Launched 12 years ago, Toyota's youth-oriented division found initial success with the offbeat personality of its boxy xB hatchback and the Scion tC coupe's sporty style. Other models fared less well with Scion's target market. The conventionally styled xA and xD hatchbacks never really caught on, nor did the iQ microcar, and all have been dropped from the lineup.
Then there's the FR-S sports car, developed alongside the nearly identical Subaru BRZ, which has seen a steady drop in sales following an initial frenzy when it hit dealerships in 2012.
Things had gotten so bad by 2013, long after the brand's sales apex in 2006, that Toyota told its dealers they could walk away from Scion franchises without any penalty.
The struggling carmaker hopes to revive its fortunes by attracting a new generation of under-30s with a pair of all-new models for the U.S. market: the iA sedan and iM hatchback. They'll reach Scion showrooms on the same day—September 1—and, even more curiously, they'll share a marketing campaign.
Now, this approach might seem conventional if the iA and iM were closely related variants built on the same platform, but these cars weren't even developed by the same manufacturer. Beneath a halfhearted veneer of Scion badging and design cues, the iA is a Mazda 2. Think of the iM, meanwhile, as a reboot of the Toyota Matrix—under its fashionable hatchback bodywork lurks the mechanicals of a workaday Corolla.
The difference between the two cars was especially evident during back-to-back drives during a recent press event in Malibu.
On paper, the iA looks like the weaker performance entry.

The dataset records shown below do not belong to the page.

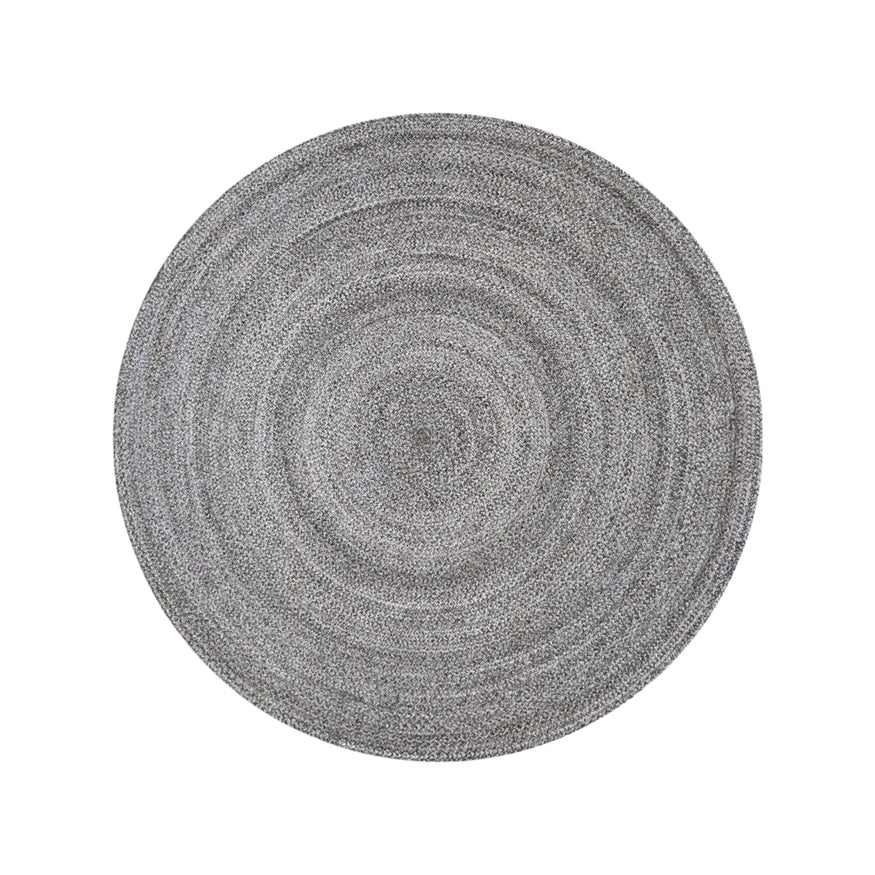 Mornington Dark Pebble Rug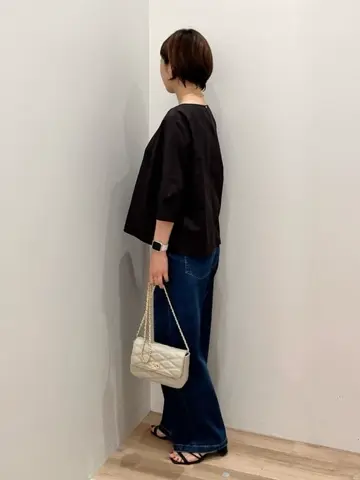 ONWARD CROSSET SELECT 池部 コーディネート画像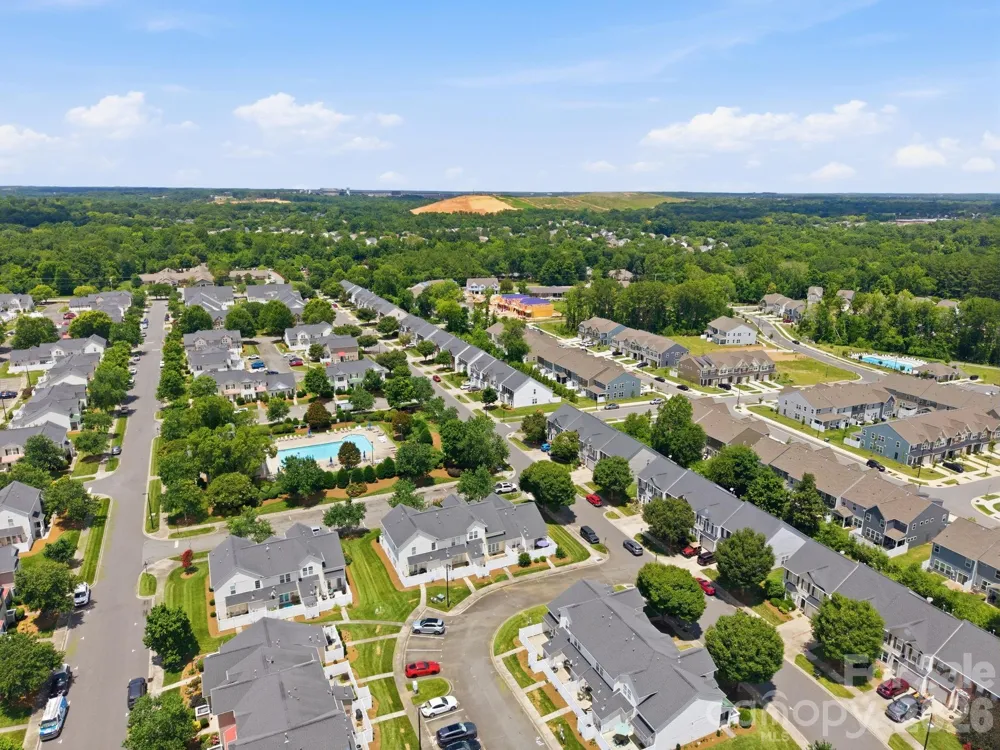 4010 Town Center Road Harrisburg, NC 28075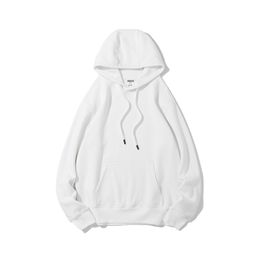 NO LOGO Men's and women's Hoodies Brand luxury Designer Hoodie sportswear Sweatshirt Fashion tracksuit Leisure jacket ZX0187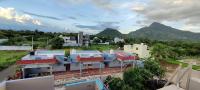 ARUNACHALA HOUSES - B&B Tiruvannamalai
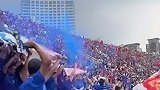 排面！“苏超”扬州VS泰州 飞机编队掠过体育场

Its diminutive 1.5-liter four-cylinder engine produces a scant 106 horsepower and 103 pound-feet of torque. And, indeed, no one would accuse of it being quick off the line with either of its transmissions: a six-speed manual or six-speed automatic with sport mode. But it weighs an equally scant 2,400 pounds, and the iA feels lively once underway.
Most buyers will choose the automatic transmission, which does a good job and delivers superior estimated EPA ratings of 33/42/37 mpg. Those who opt for the manual will, however, find a slick-shifting gearbox that's truly enjoyable to operate and still returns an estimated 31/41/35 mpg.